Australian Geographic Nature Photographer of the Year this year invited entries across 10 categories, including three new ones: Animals in Nature, Astrophotography and Urban Animals.

In a statement, the judges said the beauty in Jansen’s photograph lay in “its artful circular composition, seen in the curves of the whale’s skeletal ribs mirroring the patterns in the sand, keeping our eye within the frame moving between the living and the dead”.

Among the South Australian finalists were William Godward, runner-up in the Astrophotography category with a striking image of the Milky Way above the silhouette of the ridge line at Wilpena Pound in the Flinders Ranges.

Other SA photographers whose work will feature in the exhibition at the museum include Jarrod Koh, runner-up in the Monochrome category with his photo of a storm over Middleton; James Dorey, whose eerie image of Victoria’s Lake Crosbie won the Botanical category; and Jiayuan Liang, runner-up in the Our Impact category with a photo of the Broken Hill mine.

A startling close-up picture of a great white shark, captured at South Australia’s South Neptune Islands by NSW photographer Matty Smith, was runner-up in the Threatened Species category.

An exhibition featuring photographs by all the 2022 finalists will be at the SA Museum from August 27 until October 30, and also at the Australian Museum in Sydney.

A selection of finalist images in the 2022 Australian Geographic Nature Photographer of the Year competition:

William Godward (SA), Flinders Rise – the Milky Way captured over the Flinders Ranges.

Gary Meredith (WA), Sleeping Dragon – a long-nosed dragon sleeps on wire mesh outside a building at a remote gold mining operation in the Great Sandy Desert.

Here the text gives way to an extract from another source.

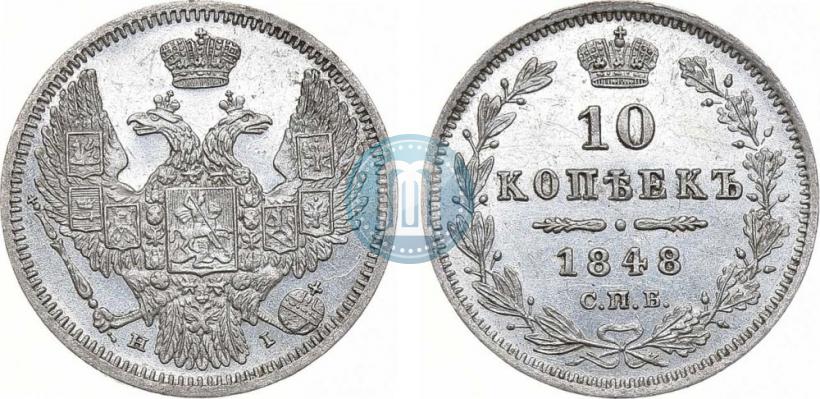 Picture 10 kopecks 1848 year СПБ-HI 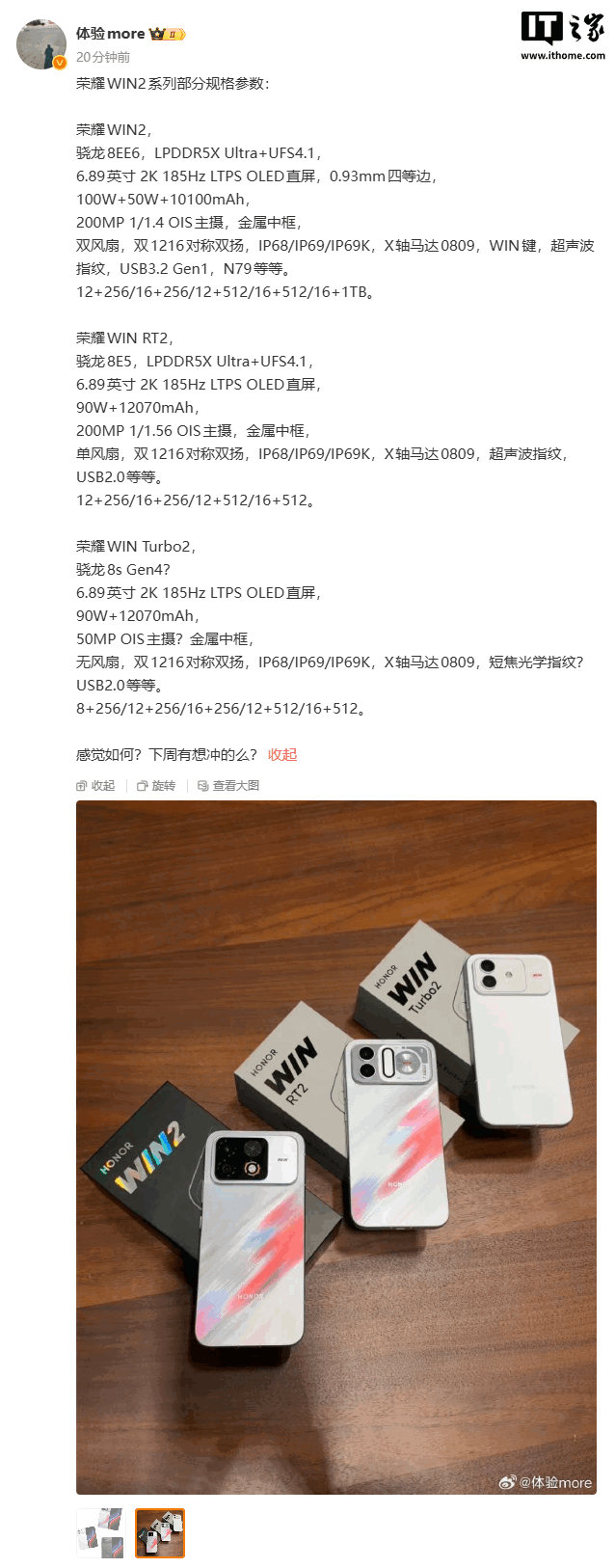 荣耀 WIN2 系列部分规格参数曝光,至高搭载第六代骁龙 8 超级至尊版处理器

Justin Gilligan (NSW), Gnarled Mossy Cloud Forest – the plateau of Mount Gower (Lord Howe Island), home to a critically-endangered ecological community known as the gnarled mossy cloud forest.

Matty Smith (NSW), Head On – a great white shark at South Neptune Islands, South Australia.

Jannico Kelk (Queensland), Night Light Dining – dusky leaf-nosed bats capture bioluminescent fireflies as they emerge from the darkest corners of the forest in the Great Dividing Range.

James Dorey (SA), A pink tomb – objects preserved in pink salt at Victoria’s Lake Crosbie.

Yan Zhang (NSW), Breaking Dawn – reflections of stars linger on the snow of New Zealand’s Tasman Glacier.

Alejandro Trevino (NSW), Giant Cuttlefish and the Winter Garden – the ‘masters of camouflage’ can change their size, shape, colour and even texture.